Consider the listing below. Extract exactly the lines from the line containing "Lot polished petrified for sale Lot" to the line containing "DIY Cement Pot", both included.

---------- Given records ----------

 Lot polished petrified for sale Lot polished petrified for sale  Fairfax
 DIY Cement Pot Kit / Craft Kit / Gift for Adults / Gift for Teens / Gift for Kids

----------
---------- Given records ----------

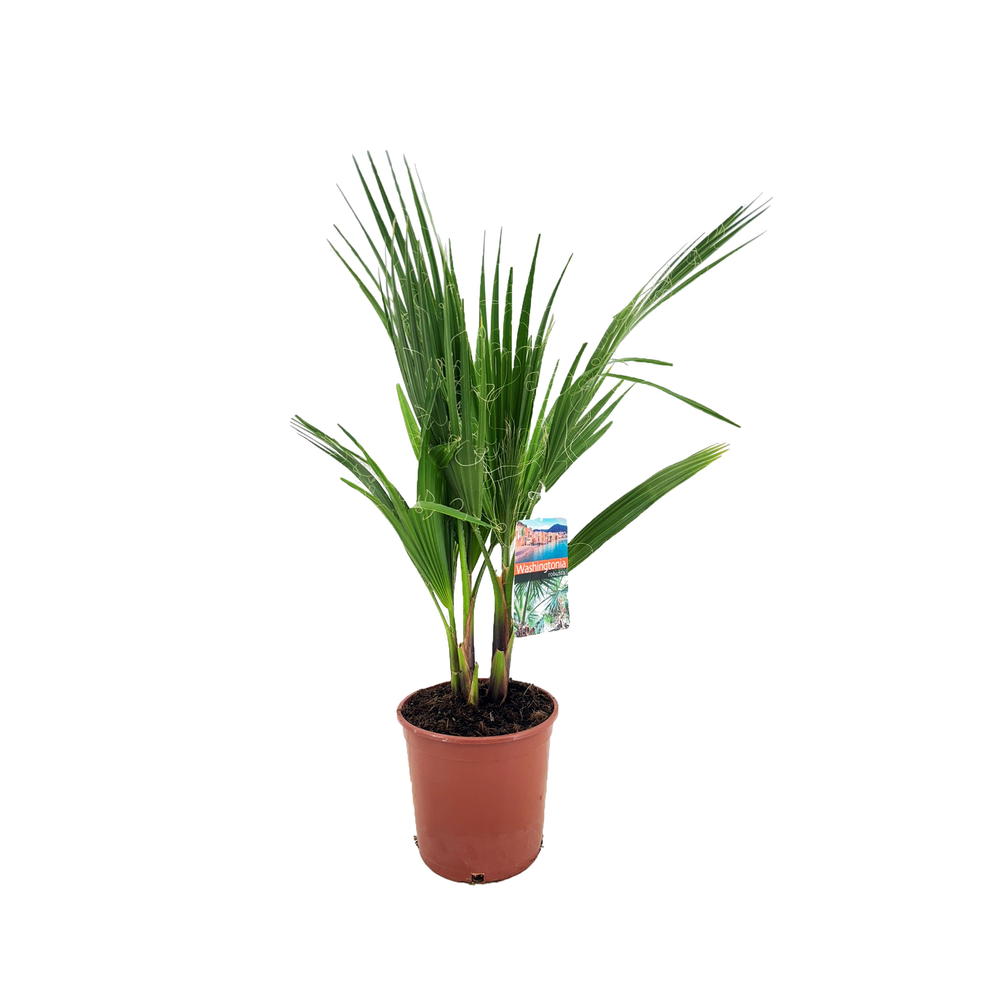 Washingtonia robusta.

----------

Result of this exercise:
 Lot polished petrified for sale Lot polished petrified for sale  Fairfax
 DIY Cement Pot Kit / Craft Kit / Gift for Adults / Gift for Teens / Gift for Kids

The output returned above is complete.